Why do such interactions occur? The answer is the FRE mechanism. Grimaldi and Karpicke (2012) conducted three experiments using word pairs as stimuli. In Experiment 1, they compared learning outcomes of a weakly related word pair (as in Kornell et al., 2009) and a completely unrelated word pair (e.g., “pillow—leaf”). In Experiment 2, in the initial test, they compared the conditions under which participants were free to answer the target word and conditions under which the experimenter presented a similar word called a “lure.” In Experiment 3, researchers compared the condition in which feedback was given immediately after the initial test and the condition in which the correct answer feedback was presented after performing the initial test with all word pairs (i.e., delayed feedback). In Experiment 1, FRE occurred only when there was an association between cue and target. In Experiment 2, performance was poorer in when the experimenter presented the word than in the control condition. In Experiment 3, learning promotion did not occur in either the delayed feedback or control conditions, which was a different result compared to the immediate feedback condition. Based on these results, Grimaldi and Karpicke (2012) explained the FRE mechanism as follows. First, participants freely retrieve target words from the cues in the initial test, thereby activating a semantic trace network (search set). At the time of the initial test, “candidates” (Grimaldi and Karpicke’s term for words that are likely to be associated with the cue) are given as a response, but the activation spreads to other candidates, including the correct target word. The activation eventually promotes learning of the presented correct answer feedback. Additionally, results of Experiment 3 showed that this activation lasted only for a short time, as in priming.

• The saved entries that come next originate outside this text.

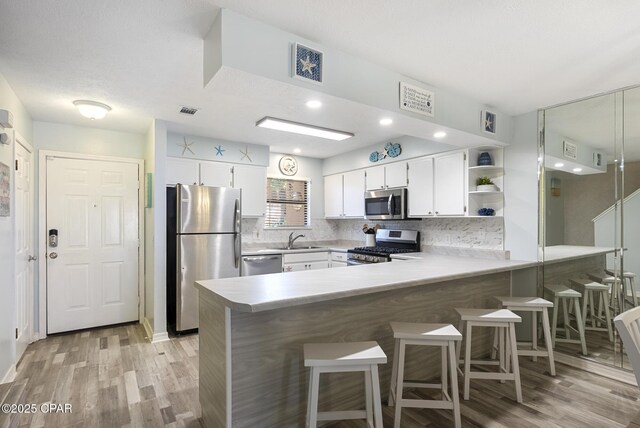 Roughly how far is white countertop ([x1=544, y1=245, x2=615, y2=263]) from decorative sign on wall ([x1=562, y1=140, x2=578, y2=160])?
830mm

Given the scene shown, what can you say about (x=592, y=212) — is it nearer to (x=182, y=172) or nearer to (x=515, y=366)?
(x=515, y=366)

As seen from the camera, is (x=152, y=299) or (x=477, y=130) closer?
(x=477, y=130)


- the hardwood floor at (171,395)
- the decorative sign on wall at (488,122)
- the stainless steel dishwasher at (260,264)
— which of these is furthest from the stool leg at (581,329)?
the stainless steel dishwasher at (260,264)

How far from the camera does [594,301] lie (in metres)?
3.02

Conversely, Kornell (2014, Experiment 3a) found the wrong answer learning promotion effect, even when corrective feedback was delayed. In Kornell’s experiment, participants were asked to respond to trivia questions such as “Who was Time Magazine’s ‘Man of the Year’ in 1938?” and were given the correct feedback 24 h later. Participants were unable to correctly answer 86% of the questions, and these questions were analyzed. When a final test was conducted 24 h after the provision of feedback (i.e., 48 h after answering the questions), a learning promotion effect occurred that was attributed to the initial test, despite the delayed feedback. Based on these results, Kornell stated that there is no difference between FRE using word pairs in the immediate feedback condition and FRE using sentences in the delayed feedback condition, in which enhanced learning occurs because of retrieval. However, in the case of delayed feedback, it was likely that long-term memory had been activated concerning questions and incorrect answers. From the research of Grimaldi and Karpicke (2012), it appears that word-level information activated by FRE is not maintained with delayed feedback; however, for sentences, the learning benefits of FRE are obtained with delayed feedback (Kornell, 2014). The source of this discrepancy between studies is attributed to the amount of information activated. More information is activated when sentences are presented as a stimulus than when word pairs are given.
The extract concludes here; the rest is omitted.